在西北有一句俗語:人的忘性比記性大。真是千真萬確。
人生來就是遺忘的動物,不要說我們忘了我們的前世,我們誰又能記得娘胎裏的事情?甚至我們3歲以前的事記得的又有幾個?像我別說3歲以前,7歲以前能想起來的事也屈指可數。學習是人類對抗遺忘最得力的手段。我想起我聽過的一段相聲,是說一個員外的兒子,家裏請過幾個私塾先生,但就是什麽也學不會。員外對他也心灰意冷。並說誰要能在一個月的時間裏教會他兒子一個字,就給他一百個大洋。有位私塾先生決定試一試。就教他“丁”字,我就不信一個月的時間教不會如此簡單的一個字。

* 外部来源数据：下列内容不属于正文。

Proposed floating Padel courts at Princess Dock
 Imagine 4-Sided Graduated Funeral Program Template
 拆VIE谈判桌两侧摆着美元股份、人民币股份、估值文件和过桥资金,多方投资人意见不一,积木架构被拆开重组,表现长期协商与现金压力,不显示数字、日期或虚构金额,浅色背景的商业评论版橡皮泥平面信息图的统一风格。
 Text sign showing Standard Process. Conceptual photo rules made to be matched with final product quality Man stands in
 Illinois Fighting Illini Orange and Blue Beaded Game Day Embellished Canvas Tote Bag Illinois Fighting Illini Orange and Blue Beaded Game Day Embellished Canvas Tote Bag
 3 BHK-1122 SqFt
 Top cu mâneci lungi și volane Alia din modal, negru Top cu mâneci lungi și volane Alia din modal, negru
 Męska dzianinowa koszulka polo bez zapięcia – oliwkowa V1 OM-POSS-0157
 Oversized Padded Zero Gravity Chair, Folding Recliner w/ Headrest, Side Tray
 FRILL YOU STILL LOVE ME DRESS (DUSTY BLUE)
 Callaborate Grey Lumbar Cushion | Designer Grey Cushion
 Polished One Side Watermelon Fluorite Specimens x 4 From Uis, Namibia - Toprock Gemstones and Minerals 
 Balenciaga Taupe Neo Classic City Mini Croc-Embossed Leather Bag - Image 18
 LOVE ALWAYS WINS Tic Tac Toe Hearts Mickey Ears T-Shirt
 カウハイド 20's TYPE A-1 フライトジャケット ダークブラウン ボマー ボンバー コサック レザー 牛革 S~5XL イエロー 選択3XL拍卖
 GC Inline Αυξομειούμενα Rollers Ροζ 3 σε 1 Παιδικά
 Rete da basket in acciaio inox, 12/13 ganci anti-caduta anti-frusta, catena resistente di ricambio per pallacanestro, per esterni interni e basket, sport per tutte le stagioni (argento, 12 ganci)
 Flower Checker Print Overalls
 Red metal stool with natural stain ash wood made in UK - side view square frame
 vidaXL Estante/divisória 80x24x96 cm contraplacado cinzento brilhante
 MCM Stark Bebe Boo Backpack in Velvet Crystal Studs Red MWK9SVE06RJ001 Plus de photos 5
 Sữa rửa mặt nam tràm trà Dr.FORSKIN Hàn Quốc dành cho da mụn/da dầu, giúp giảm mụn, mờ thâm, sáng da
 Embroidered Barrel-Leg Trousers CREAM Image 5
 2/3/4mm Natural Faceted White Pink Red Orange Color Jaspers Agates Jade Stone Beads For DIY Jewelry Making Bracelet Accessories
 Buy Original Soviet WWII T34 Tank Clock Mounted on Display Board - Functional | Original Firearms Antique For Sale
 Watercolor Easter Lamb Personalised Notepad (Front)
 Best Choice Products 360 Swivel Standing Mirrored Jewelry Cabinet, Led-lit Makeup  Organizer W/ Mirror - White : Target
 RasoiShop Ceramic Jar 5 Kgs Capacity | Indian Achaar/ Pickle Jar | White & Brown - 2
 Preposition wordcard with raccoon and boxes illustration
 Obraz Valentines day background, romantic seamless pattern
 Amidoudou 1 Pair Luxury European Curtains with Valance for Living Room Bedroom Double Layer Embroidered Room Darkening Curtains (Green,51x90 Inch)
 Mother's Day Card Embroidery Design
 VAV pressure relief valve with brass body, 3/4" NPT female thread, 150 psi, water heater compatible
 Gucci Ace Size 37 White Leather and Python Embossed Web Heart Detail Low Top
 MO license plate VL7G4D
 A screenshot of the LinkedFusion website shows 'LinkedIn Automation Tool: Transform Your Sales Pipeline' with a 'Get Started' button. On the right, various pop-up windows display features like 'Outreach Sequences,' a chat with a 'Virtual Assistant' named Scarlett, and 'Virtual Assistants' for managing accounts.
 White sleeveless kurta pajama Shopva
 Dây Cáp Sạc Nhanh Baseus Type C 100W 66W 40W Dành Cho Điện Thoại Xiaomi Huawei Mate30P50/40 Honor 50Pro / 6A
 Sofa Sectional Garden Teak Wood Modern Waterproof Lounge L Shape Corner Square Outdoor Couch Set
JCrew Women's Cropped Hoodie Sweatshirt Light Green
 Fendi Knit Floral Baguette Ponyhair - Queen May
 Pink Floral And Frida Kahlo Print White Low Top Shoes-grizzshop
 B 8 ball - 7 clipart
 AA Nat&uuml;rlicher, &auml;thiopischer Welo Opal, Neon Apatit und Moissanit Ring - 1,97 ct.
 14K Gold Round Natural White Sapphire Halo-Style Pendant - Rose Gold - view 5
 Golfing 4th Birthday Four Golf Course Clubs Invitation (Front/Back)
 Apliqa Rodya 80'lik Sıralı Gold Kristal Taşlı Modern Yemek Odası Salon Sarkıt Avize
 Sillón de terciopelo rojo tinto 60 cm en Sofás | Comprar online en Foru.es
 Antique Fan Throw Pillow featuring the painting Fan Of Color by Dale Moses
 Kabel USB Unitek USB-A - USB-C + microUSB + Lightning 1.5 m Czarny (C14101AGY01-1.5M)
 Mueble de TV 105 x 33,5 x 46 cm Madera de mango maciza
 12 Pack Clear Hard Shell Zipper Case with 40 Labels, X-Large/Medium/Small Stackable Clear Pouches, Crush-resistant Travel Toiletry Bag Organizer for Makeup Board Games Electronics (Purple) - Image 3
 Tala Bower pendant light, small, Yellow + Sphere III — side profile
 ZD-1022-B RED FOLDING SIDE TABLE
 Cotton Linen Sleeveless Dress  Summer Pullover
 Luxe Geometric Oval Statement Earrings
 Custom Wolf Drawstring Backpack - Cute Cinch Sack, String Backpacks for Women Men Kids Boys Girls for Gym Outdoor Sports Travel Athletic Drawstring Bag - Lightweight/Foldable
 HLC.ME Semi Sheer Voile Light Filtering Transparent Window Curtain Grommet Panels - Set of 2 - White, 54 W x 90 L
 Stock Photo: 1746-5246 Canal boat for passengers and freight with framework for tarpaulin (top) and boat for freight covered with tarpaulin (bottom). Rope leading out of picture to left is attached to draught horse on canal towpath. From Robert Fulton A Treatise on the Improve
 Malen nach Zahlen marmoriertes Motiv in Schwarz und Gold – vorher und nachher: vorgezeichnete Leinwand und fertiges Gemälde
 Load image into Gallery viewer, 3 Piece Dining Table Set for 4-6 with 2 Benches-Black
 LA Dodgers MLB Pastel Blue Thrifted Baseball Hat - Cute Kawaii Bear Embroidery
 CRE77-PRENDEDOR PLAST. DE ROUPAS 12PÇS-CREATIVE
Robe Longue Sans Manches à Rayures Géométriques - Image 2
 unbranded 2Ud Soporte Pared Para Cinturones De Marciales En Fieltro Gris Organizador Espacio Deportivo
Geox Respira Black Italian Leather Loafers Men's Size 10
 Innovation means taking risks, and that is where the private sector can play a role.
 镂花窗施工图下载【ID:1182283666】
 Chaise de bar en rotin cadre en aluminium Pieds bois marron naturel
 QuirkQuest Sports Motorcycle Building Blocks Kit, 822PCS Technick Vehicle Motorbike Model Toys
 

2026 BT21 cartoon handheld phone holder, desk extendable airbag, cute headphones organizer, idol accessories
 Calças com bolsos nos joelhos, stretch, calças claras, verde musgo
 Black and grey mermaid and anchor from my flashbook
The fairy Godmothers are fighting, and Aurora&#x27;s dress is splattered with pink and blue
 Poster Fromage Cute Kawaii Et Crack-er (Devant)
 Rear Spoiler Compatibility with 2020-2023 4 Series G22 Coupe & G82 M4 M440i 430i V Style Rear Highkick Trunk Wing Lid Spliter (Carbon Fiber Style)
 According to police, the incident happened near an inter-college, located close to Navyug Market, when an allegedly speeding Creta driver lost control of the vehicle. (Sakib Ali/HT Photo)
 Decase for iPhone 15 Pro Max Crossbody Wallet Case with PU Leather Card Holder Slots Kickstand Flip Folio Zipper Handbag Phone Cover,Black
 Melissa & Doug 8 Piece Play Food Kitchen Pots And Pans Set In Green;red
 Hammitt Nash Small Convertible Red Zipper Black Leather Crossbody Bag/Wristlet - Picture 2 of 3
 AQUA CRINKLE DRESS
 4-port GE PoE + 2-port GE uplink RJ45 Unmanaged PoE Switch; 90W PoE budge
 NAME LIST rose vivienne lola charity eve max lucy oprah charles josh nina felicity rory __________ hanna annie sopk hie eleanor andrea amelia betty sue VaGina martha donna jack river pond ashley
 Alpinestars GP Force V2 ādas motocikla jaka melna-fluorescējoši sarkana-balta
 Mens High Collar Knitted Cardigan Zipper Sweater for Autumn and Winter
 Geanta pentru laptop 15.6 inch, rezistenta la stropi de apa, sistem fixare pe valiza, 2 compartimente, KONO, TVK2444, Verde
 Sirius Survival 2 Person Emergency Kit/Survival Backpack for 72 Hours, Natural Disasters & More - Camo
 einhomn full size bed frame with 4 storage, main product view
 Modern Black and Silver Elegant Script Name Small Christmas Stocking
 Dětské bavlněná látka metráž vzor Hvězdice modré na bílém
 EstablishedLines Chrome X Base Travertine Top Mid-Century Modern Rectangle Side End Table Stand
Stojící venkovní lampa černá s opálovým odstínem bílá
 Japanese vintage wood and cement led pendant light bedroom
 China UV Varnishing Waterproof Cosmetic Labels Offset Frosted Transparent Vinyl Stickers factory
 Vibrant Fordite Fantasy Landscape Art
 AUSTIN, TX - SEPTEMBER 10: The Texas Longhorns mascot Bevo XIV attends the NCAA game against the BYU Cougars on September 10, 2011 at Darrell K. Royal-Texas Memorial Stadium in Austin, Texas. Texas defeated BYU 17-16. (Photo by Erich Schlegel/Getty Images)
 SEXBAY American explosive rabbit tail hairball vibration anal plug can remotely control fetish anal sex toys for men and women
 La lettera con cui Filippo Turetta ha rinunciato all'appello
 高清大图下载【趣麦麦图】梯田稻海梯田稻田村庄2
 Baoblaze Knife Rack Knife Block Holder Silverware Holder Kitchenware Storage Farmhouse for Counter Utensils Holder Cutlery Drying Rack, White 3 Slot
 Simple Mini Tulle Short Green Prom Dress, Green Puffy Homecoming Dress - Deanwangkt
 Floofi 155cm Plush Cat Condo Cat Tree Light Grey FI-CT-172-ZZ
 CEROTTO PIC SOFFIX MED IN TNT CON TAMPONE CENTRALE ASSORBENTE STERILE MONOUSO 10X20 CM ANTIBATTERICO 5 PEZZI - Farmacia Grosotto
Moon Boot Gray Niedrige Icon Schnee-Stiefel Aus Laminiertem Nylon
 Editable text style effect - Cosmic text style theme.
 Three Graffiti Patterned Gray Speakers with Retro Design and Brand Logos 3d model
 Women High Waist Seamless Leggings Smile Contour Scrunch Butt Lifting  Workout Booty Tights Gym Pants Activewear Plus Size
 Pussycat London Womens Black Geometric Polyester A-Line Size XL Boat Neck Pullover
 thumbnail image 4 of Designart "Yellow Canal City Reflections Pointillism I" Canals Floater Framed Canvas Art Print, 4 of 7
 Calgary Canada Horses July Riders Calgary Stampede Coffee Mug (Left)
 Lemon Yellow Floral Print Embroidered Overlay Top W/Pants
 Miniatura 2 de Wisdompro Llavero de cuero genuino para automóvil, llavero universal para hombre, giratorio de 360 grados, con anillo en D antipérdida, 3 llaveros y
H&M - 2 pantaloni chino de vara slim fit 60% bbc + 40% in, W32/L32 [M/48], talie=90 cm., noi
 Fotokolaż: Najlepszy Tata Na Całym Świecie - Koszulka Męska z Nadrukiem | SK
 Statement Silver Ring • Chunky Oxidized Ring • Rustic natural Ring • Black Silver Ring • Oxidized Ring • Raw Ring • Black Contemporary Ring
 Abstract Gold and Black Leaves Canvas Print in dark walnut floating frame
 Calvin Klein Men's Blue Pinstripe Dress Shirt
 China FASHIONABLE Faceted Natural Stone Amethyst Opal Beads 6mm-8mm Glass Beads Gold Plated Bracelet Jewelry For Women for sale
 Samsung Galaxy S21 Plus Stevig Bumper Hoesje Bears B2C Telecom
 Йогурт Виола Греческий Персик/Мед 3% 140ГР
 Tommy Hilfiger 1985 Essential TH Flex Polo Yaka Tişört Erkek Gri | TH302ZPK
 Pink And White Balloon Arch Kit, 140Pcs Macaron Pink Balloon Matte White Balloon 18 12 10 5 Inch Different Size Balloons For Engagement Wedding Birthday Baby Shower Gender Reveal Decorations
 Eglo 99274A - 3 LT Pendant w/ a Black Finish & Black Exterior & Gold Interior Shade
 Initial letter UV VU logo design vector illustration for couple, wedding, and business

於是先生便開始教授“丁”字,但是那位公子哥是現教現忘,先生說我不是才教的你嗎?公子哥答我才忘的!先生這才意識到他遇到了史上最難教的學生。眼看著一個月的期限快到了,先生想到了啟發式教學,找了幾個釘子,讓學生攥在手裏。並告訴他如果忘了便想想手裏的釘子。期限到了,員外想看看先生的教育成果,先生便在黑板上寫了個“丁”字,問學生這是個什麽字啊?學生答不認識!仔細想想!學生還是不認識。無奈先生問想想你手裏捏的什麽啊?學生答:鐵!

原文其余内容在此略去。